» TASK INSTRUCTIONS
Your reply should consist only of the lines from the one holding "Viejo corsario jubilado fumando en pipa" to the last line of the data below, written out exactly and without pictures.
*** SUPPLIED RECORDS ***
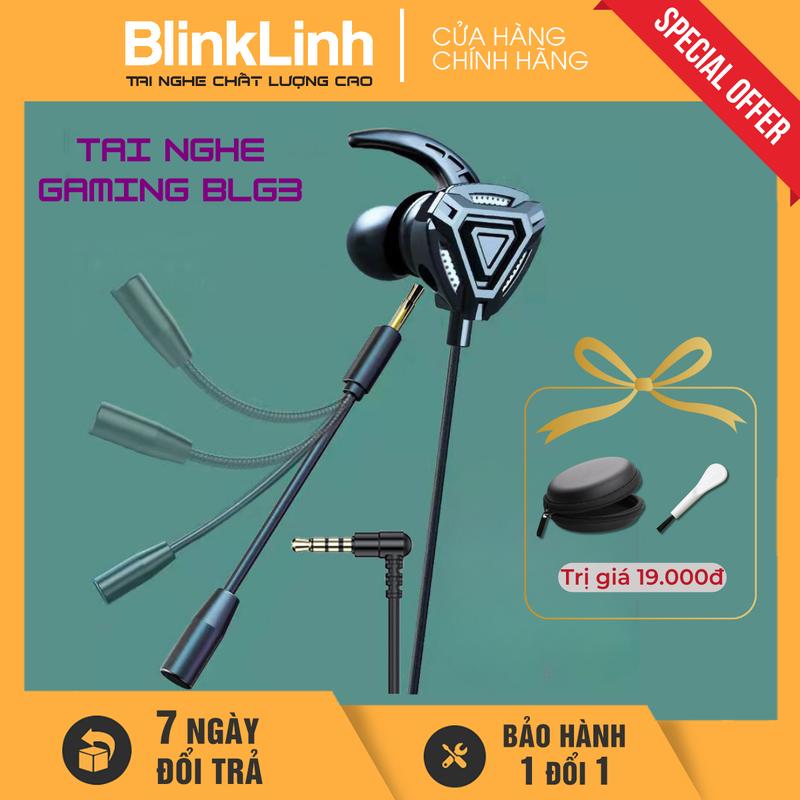 Tai nghe Gaming có mic rời 360 độ, jack 3.5 chữ L, 2 MIC, núm tai cao su Nhét Tai Nghe Nhạc, Earphone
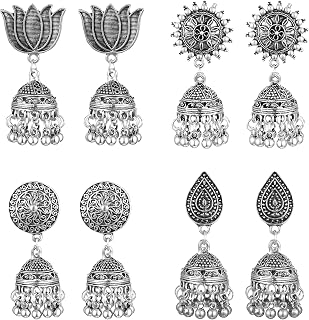 MALOYANVE 4 Pairs Jhumka Indian Earrings for Women Vintage Bohemian Chandelier Bell Tassel Dangle Earring Handmade Ethnic India Jhumki Jewelry for Wedding Party Gift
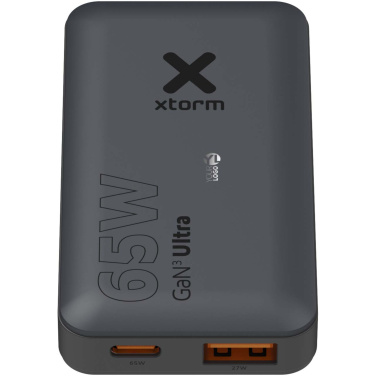 Logotrade reklamprodukter bild: Xtorm 65 W snabbladdare set med kabel och resefodral för resor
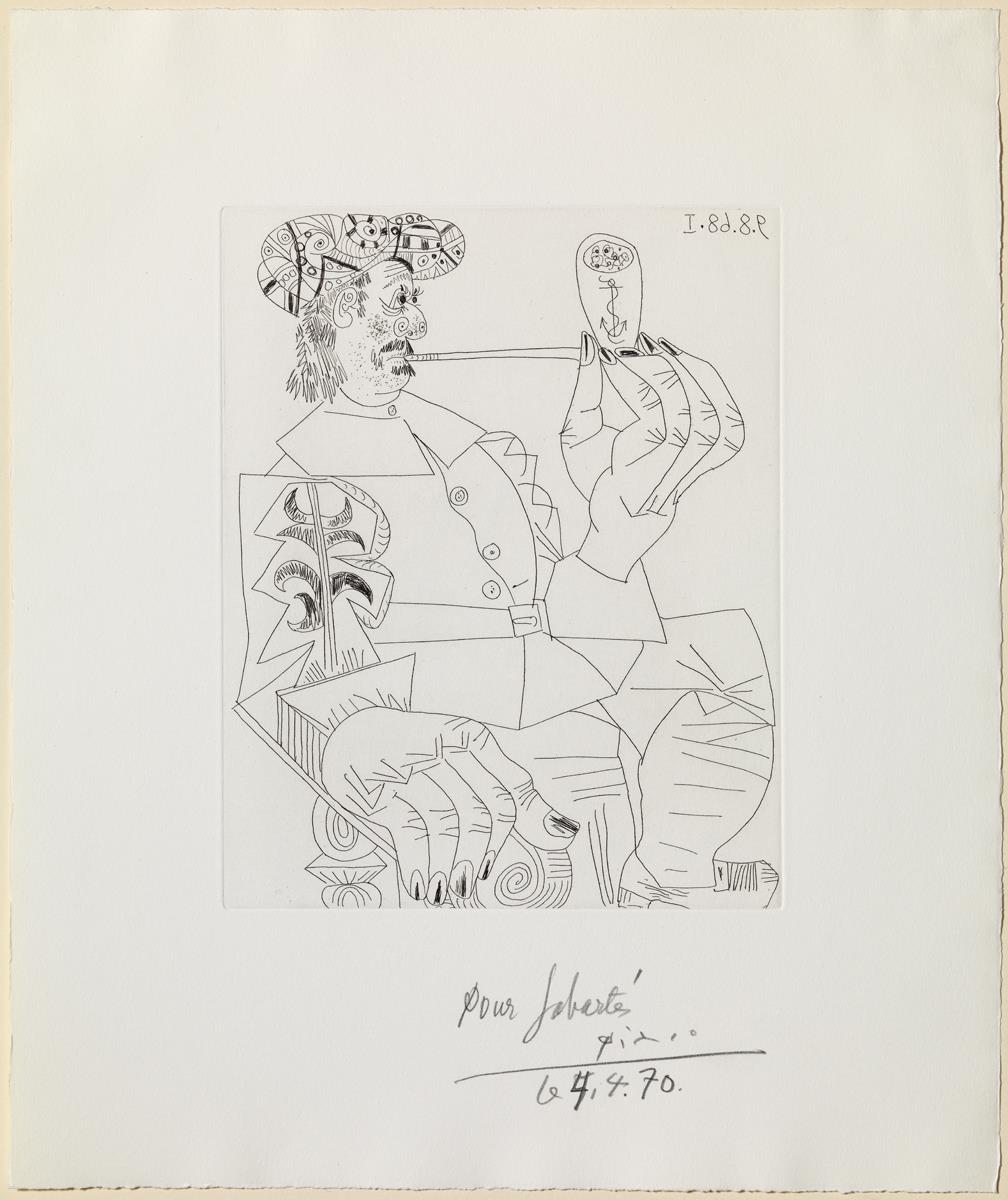 Viejo corsario jubilado fumando en pipa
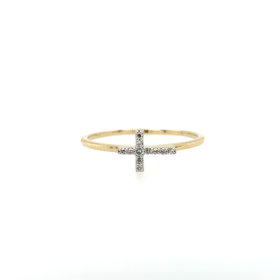 40221 10K YELLOW GOLD .08TCW DIAMOND  SIDEWAY CROSS LADIES RING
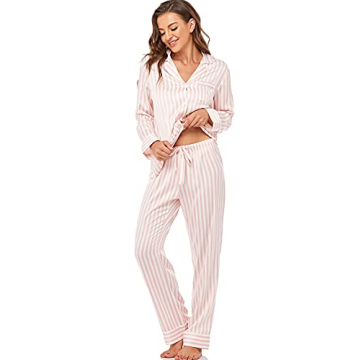 Serenedelicacy Women's Satin Pajama Set Long Sleeve Button Down Sleepwear 2-Piece Striped Silky Pj Set (Small, Blush/Ivory, Stripe)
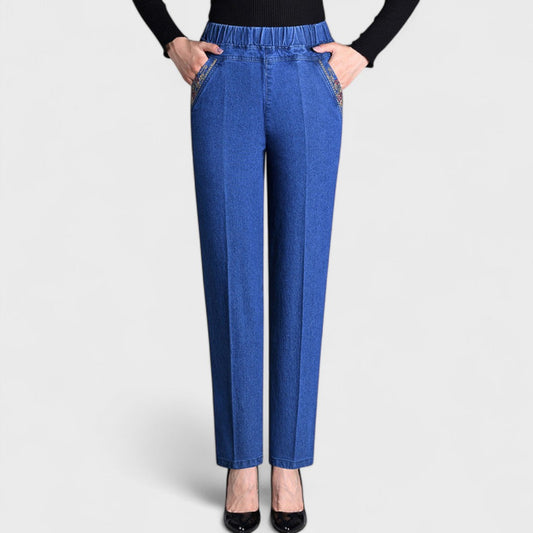 Marina - Damesjeans met zijzakken en elastische taille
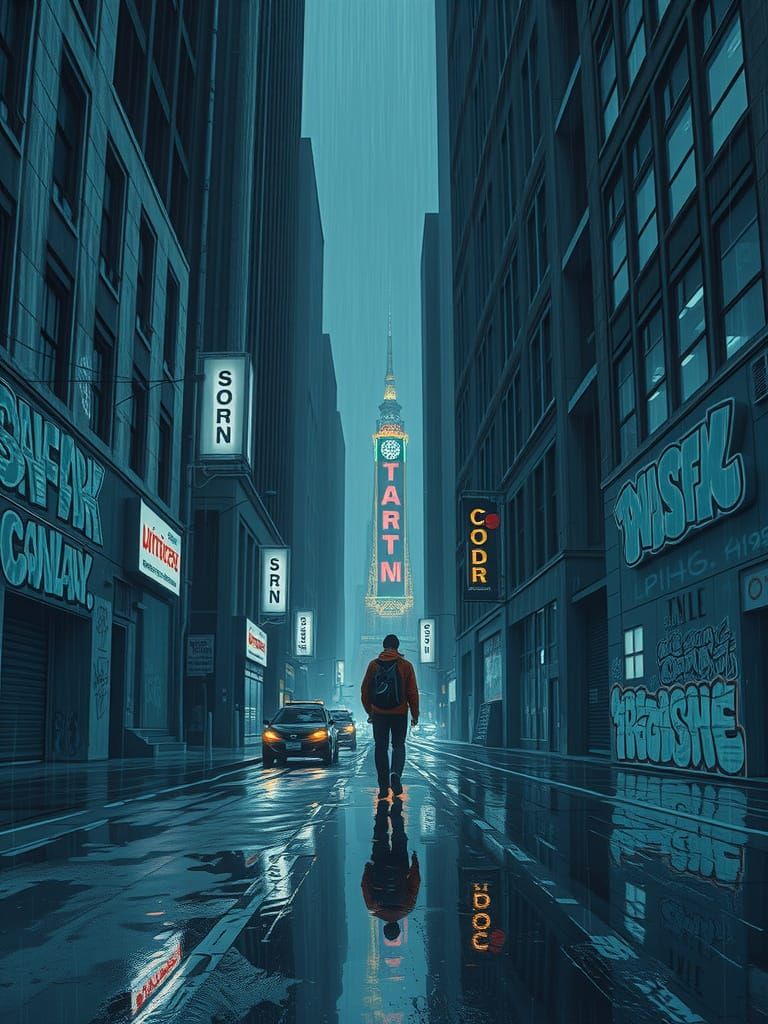 A lone figure walks down a rain-slicked city street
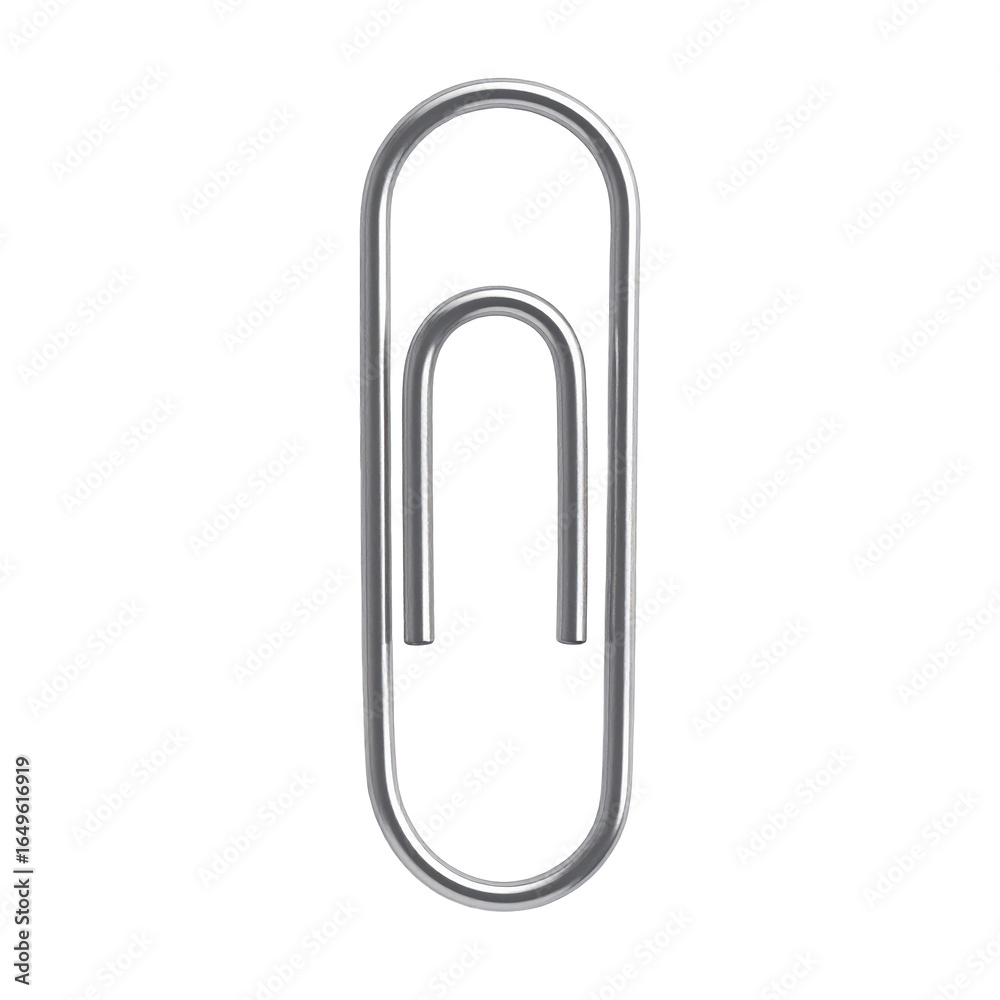 Silver paperclip isolated object Silver paperclip isolated object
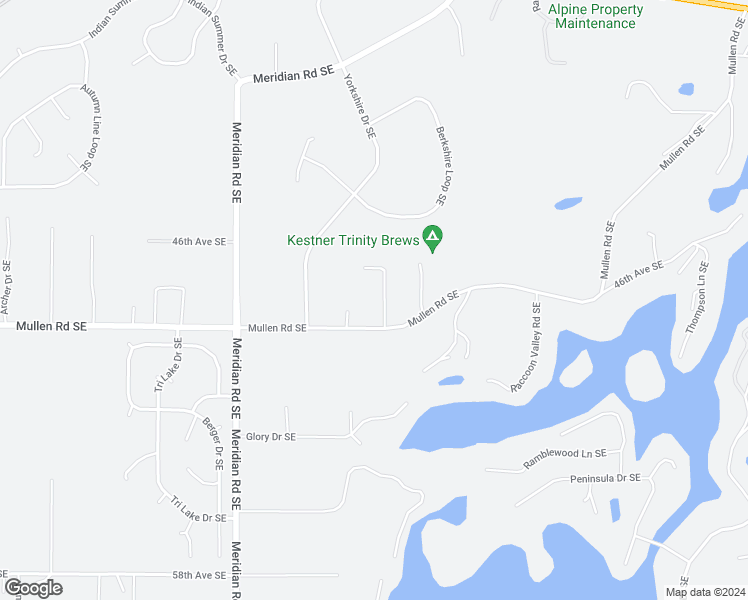 map of restaurants, bars, coffee shops, grocery stores, and more near 9806 Mullen Road Southeast in Olympia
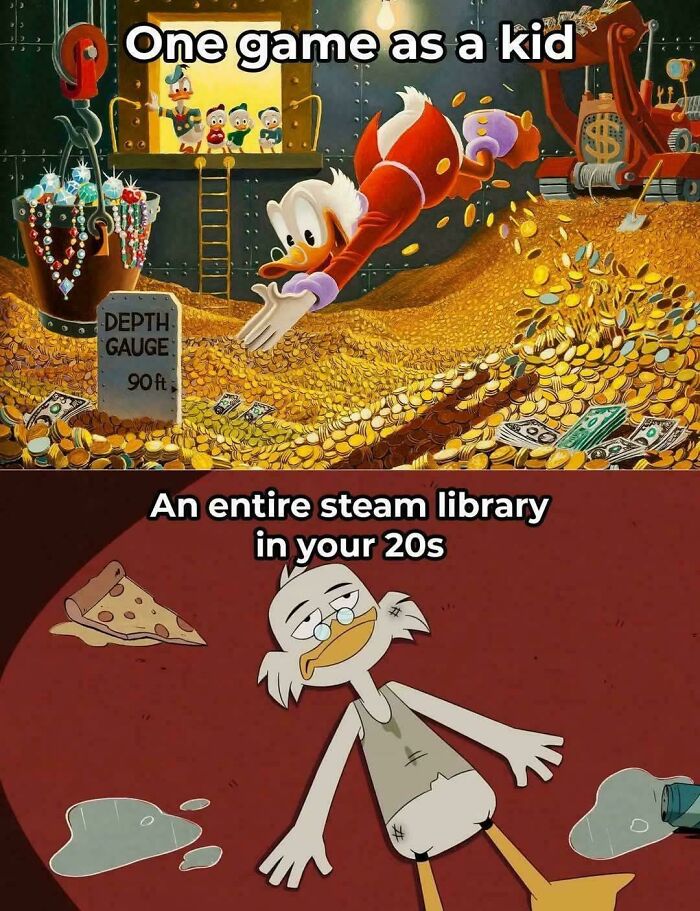 Gaming meme comparing childhood gaming to owning a large Steam library in your 20s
*** End of SUPPLIED RECORDS ***
» RESULT OF THE EXERCISE
 Viejo corsario jubilado fumando en pipa
 40221 10K YELLOW GOLD .08TCW DIAMOND  SIDEWAY CROSS LADIES RING
 Serenedelicacy Women's Satin Pajama Set Long Sleeve Button Down Sleepwear 2-Piece Striped Silky Pj Set (Small, Blush/Ivory, Stripe)
 Marina - Damesjeans met zijzakken en elastische taille
 A lone figure walks down a rain-slicked city street
 Silver paperclip isolated object Silver paperclip isolated object
 map of restaurants, bars, coffee shops, grocery stores, and more near 9806 Mullen Road Southeast in Olympia
 Gaming meme comparing childhood gaming to owning a large Steam library in your 20s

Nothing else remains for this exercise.